• _WHAT TO DO_
The result should be the listing below restated word for word, with images left out.

• _GIVEN MATERIAL_

○ ○ ○ ○ ○ ○ ○

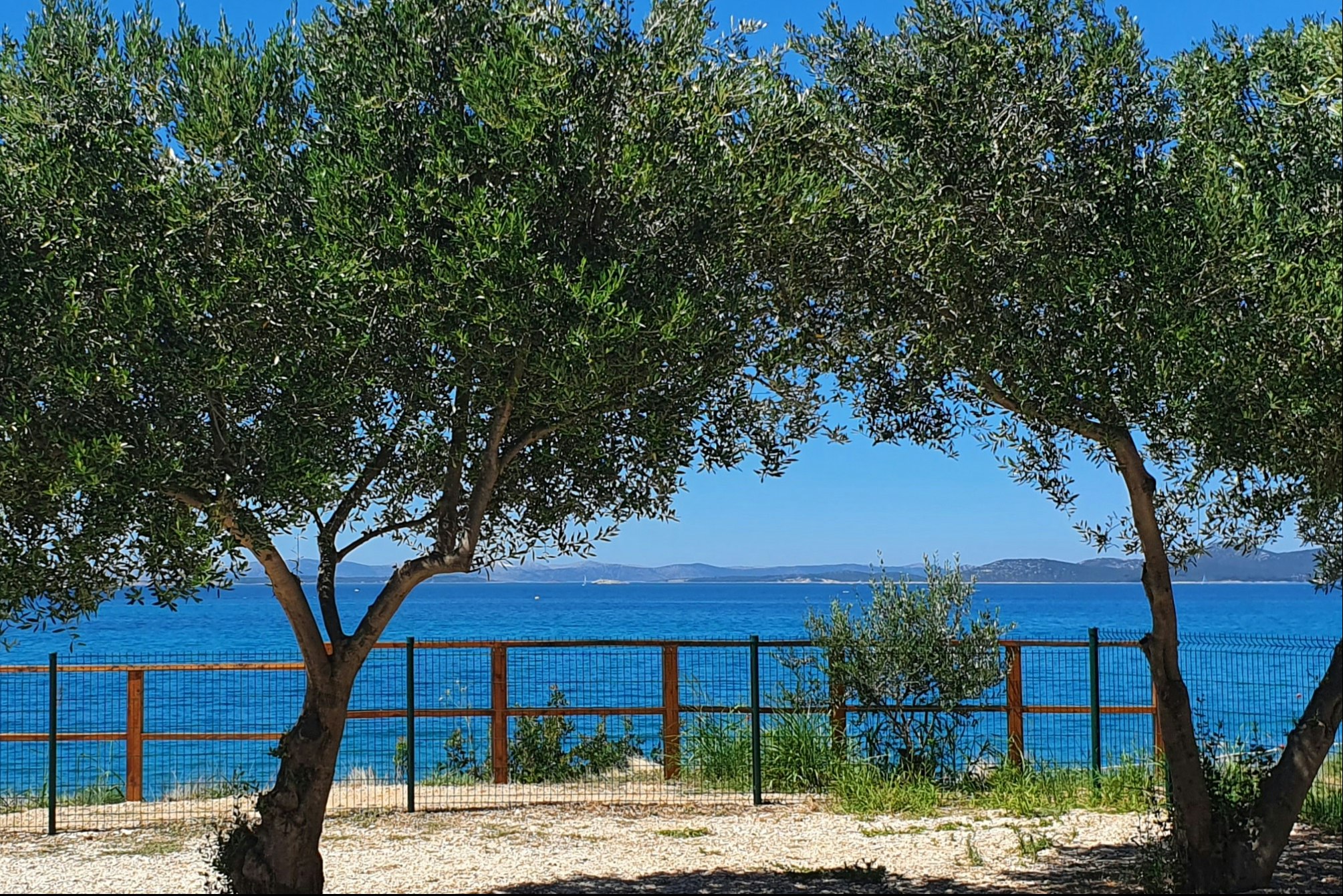 Relax Camp - Standplätze mit Blick auf das Wasser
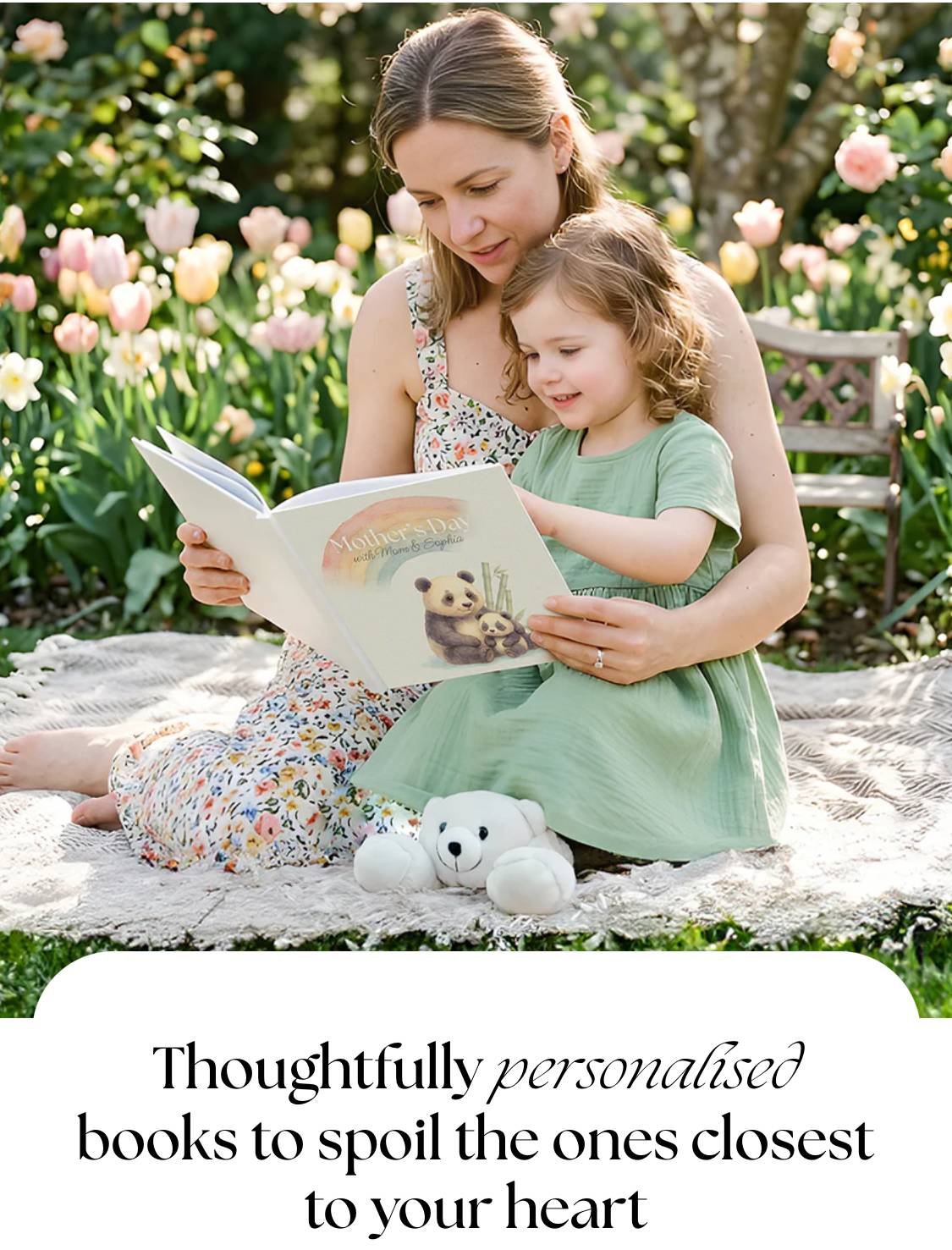 Mom and child reading Paper Pixi Mother’s Day book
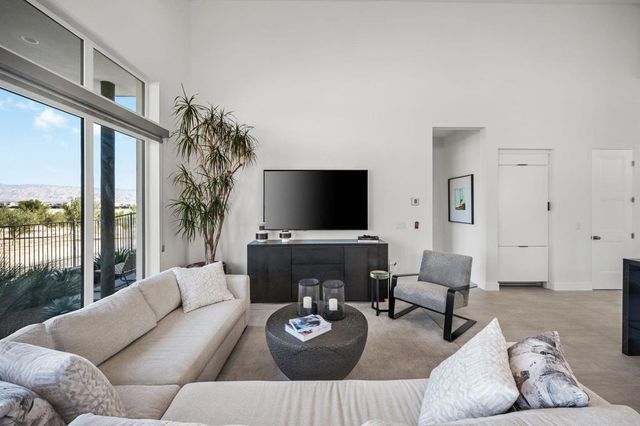 422 Fountain Drive, Palm Springs, CA 92262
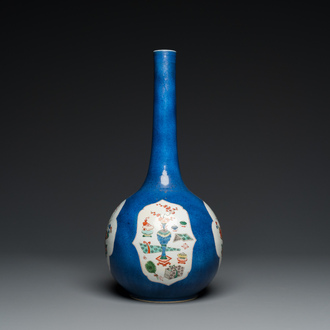 Vase de forme bouteille en porcelaine de Chine famille verte à fond bleu poudré, Kangxi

○ ○ ○ ○ ○ ○ ○

• _SOLUTION TO THIS PROBLEM_
 Relax Camp - Standplätze mit Blick auf das Wasser
 Mom and child reading Paper Pixi Mother’s Day book
 422 Fountain Drive, Palm Springs, CA 92262
 Vase de forme bouteille en porcelaine de Chine famille verte à fond bleu poudré, Kangxi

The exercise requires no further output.